Accelerating Power Method with Fast Sketching for Stronger Low-Rank Approximation

TL;DR

This paper introduces a framework that accelerates the power method for low-rank matrix approximation by leveraging fast sketching techniques, improving efficiency and performance in large-scale data analysis.

Contribution

It develops a novel theoretical framework using regularized spectral approximation to enhance the power method with fast sketching, applicable to SVD and Nyström methods.

Findings

Achieves strong numerical performance on benchmark problems.

Provides provably efficient algorithms for low-rank approximation.

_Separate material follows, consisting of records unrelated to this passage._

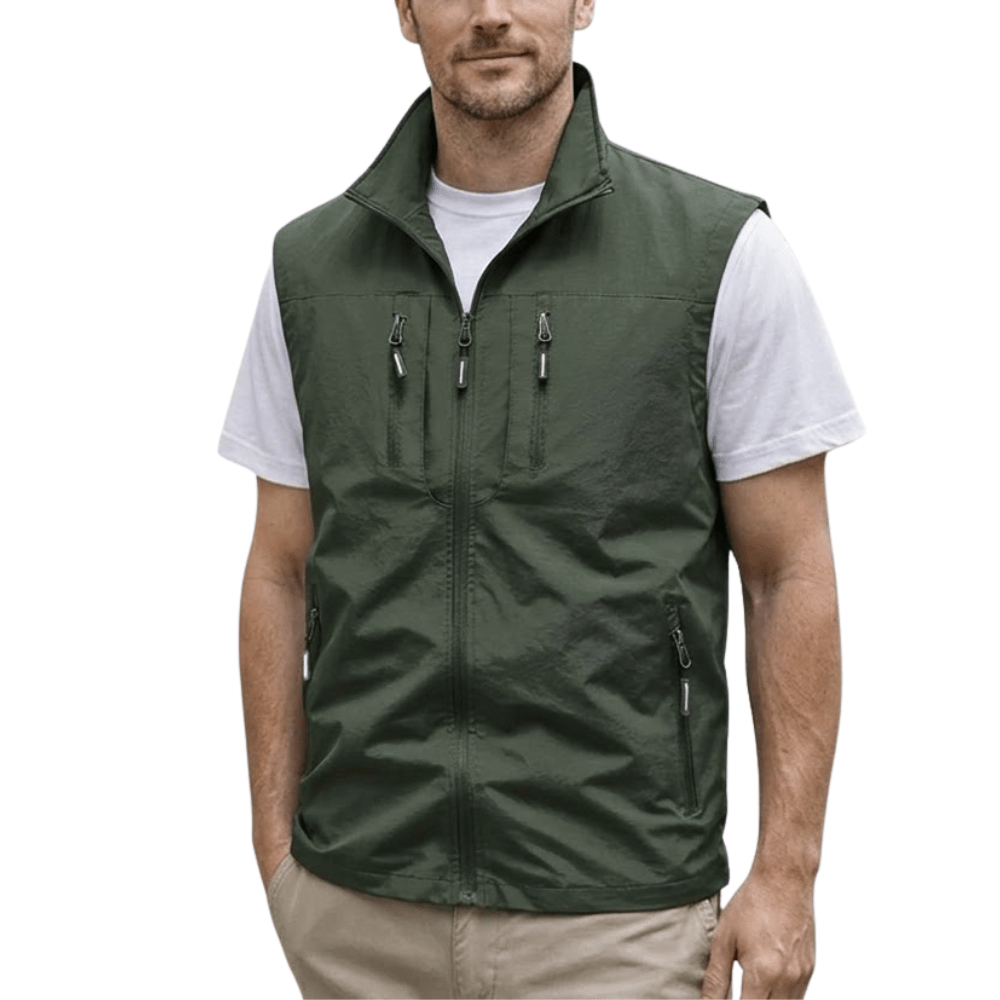 Men’s Lightweight Hiking Gilet with High Collar-Field & Wild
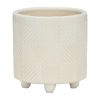 S/2 6/8" TEXTURED PLANTERS, SHINY WHITE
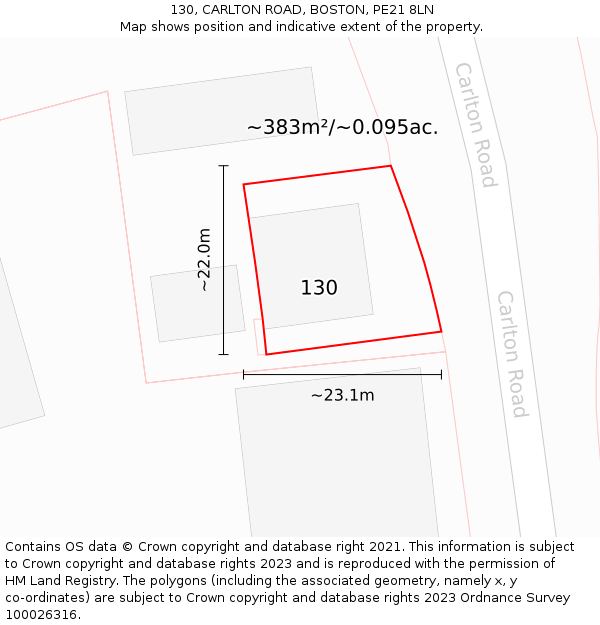 130, CARLTON ROAD, BOSTON, PE21 8LN: Plot and title map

Introduces a flexible analysis framework using regularized spectral approximation.

Abstract

The power method is one of the most fundamental tools for extracting top principal components from data through low-rank matrix approximation. Yet, when the target rank is large, the cost of matrix multiplication associated with this procedure becomes a major bottleneck. We develop an algorithmic and theoretical framework for accelerating the power method using fast sketching, which is a popular paradigm in randomized linear algebra. Our framework leads to simple and provably efficient methods for singular value decomposition, low-rank factorization, and Nystr\"om approximation, which attain strong numerical performance on benchmark problems. The key novelty in our analysis is the use of regularized spectral approximation, a property of fast sketching methods which proves more flexible in generalizing power method guarantees than traditional arguments.